- **PROBLEM TO SOLVE**:
First find the line with "Cutie Corgi Julgransprydnad Keramik", then reproduce it and all following lines of the data to the end, exactly and with no pictures, adding nothing.

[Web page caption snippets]

----

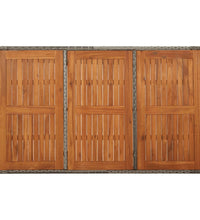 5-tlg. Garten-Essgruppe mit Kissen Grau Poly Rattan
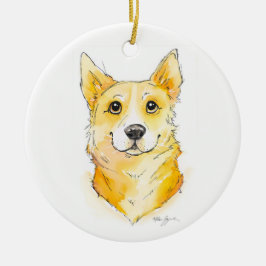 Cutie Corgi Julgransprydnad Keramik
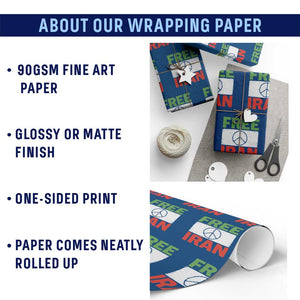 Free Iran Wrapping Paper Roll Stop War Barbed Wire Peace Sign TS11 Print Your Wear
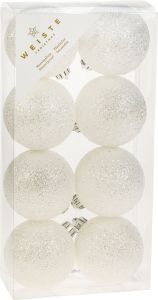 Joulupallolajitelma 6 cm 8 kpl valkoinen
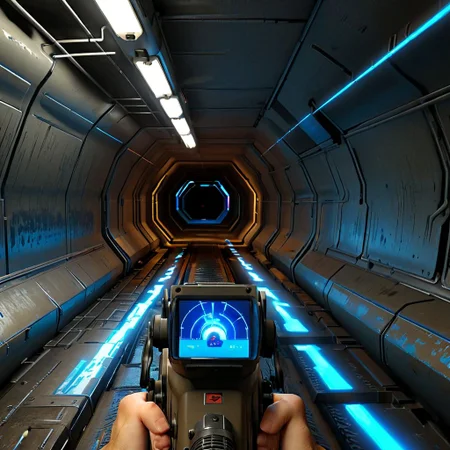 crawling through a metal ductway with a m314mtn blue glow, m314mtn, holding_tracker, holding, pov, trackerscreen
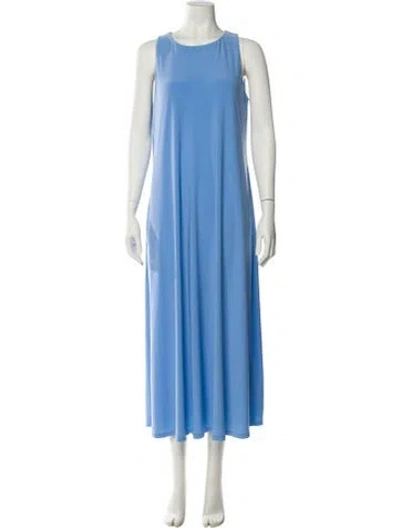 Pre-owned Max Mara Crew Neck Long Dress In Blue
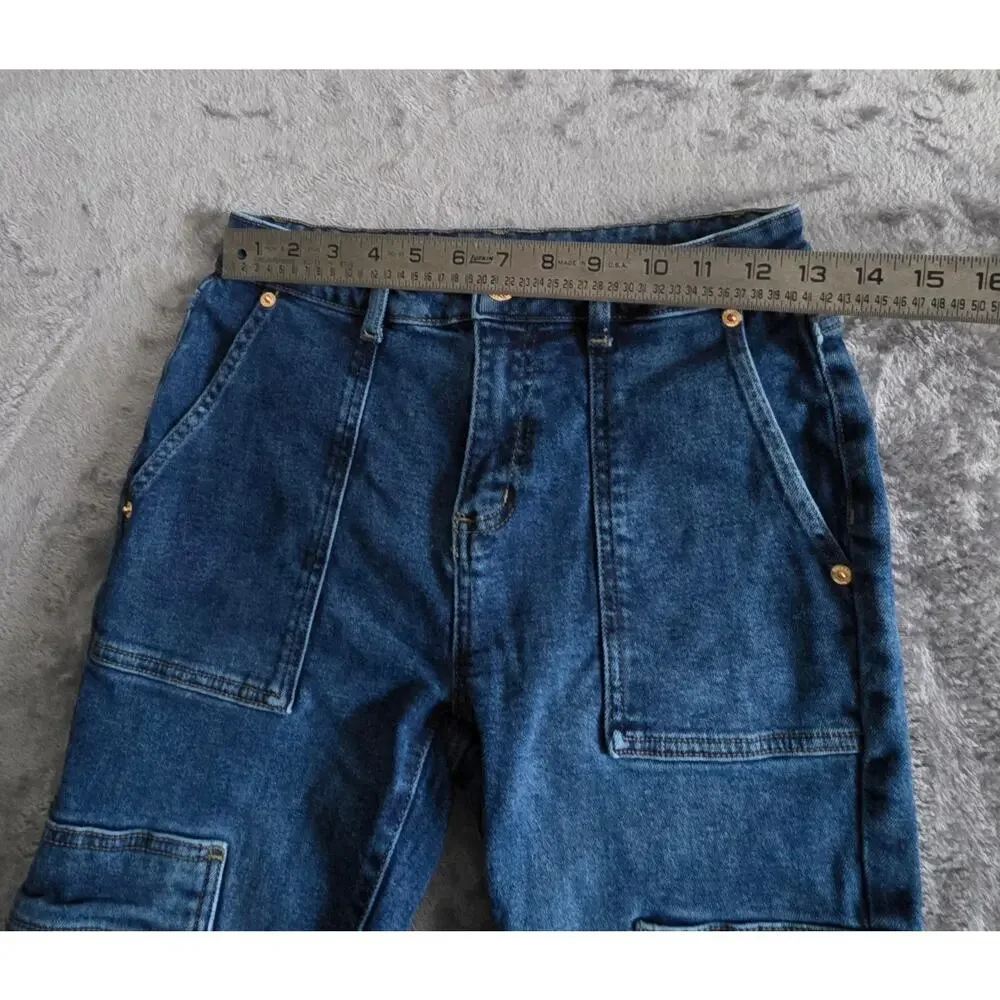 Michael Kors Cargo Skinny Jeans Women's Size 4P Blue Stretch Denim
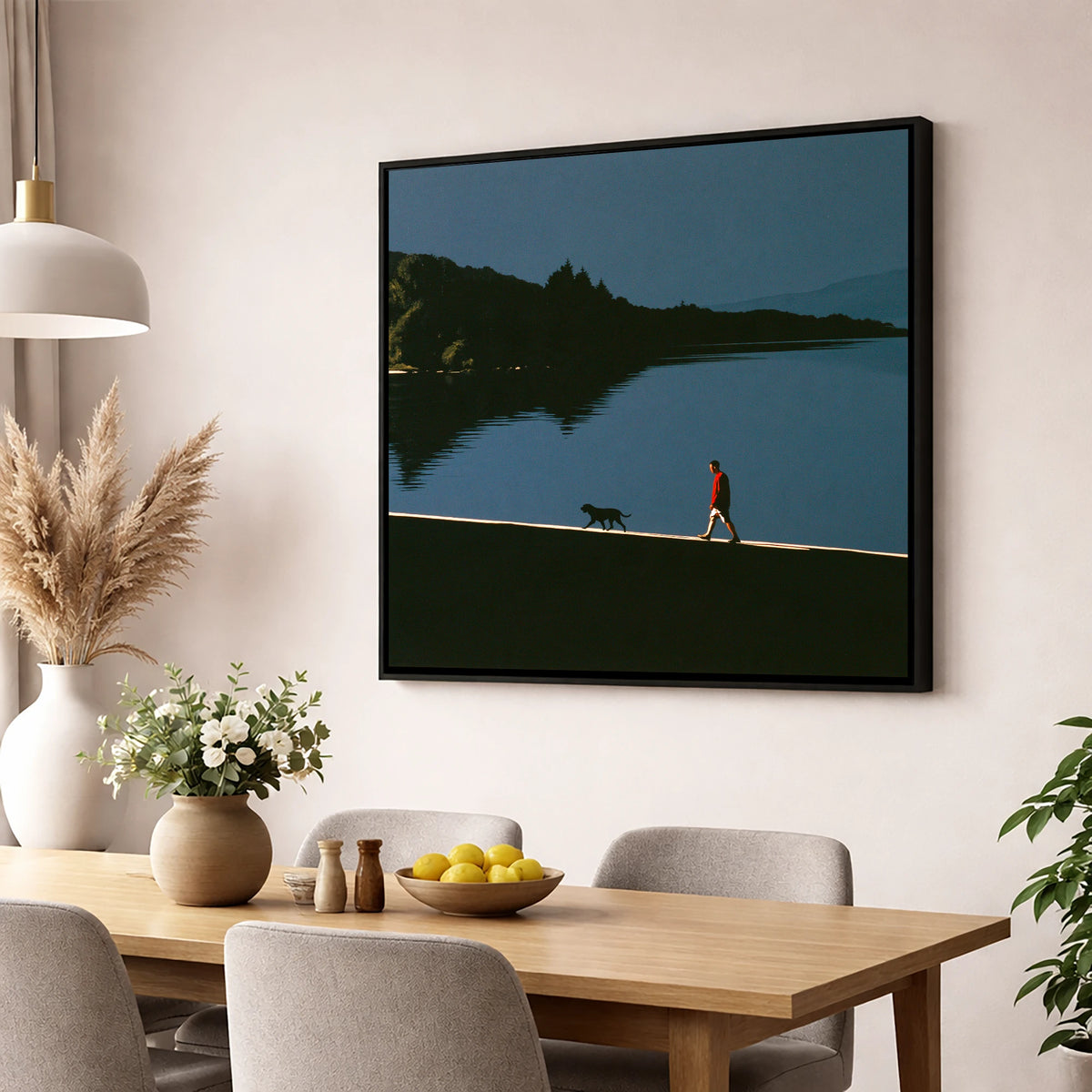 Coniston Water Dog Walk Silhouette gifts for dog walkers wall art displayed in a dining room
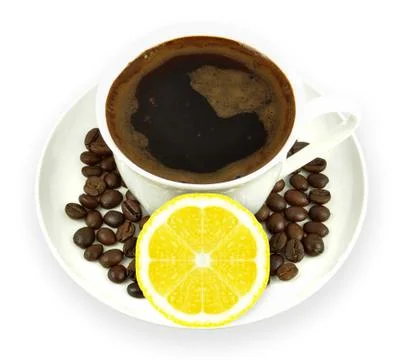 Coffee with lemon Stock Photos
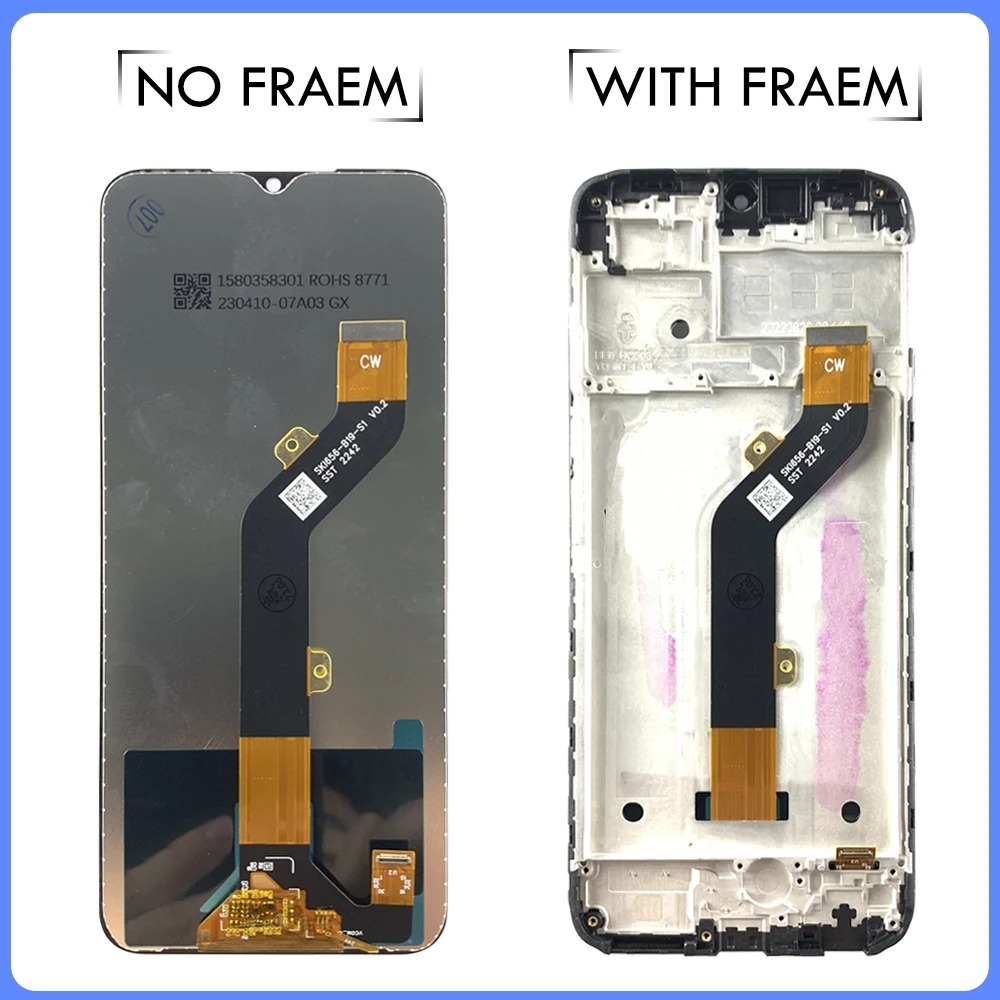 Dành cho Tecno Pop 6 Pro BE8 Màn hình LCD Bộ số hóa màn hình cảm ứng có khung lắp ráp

----

- **RESPONSE TO THIS TASK**:
 Cutie Corgi Julgransprydnad Keramik
 Free Iran Wrapping Paper Roll Stop War Barbed Wire Peace Sign TS11 Print Your Wear
 Joulupallolajitelma 6 cm 8 kpl valkoinen
 crawling through a metal ductway with a m314mtn blue glow, m314mtn, holding_tracker, holding, pov, trackerscreen
 Pre-owned Max Mara Crew Neck Long Dress In Blue
 Michael Kors Cargo Skinny Jeans Women's Size 4P Blue Stretch Denim
 Coniston Water Dog Walk Silhouette gifts for dog walkers wall art displayed in a dining room
 Coffee with lemon Stock Photos
 Dành cho Tecno Pop 6 Pro BE8 Màn hình LCD Bộ số hóa màn hình cảm ứng có khung lắp ráp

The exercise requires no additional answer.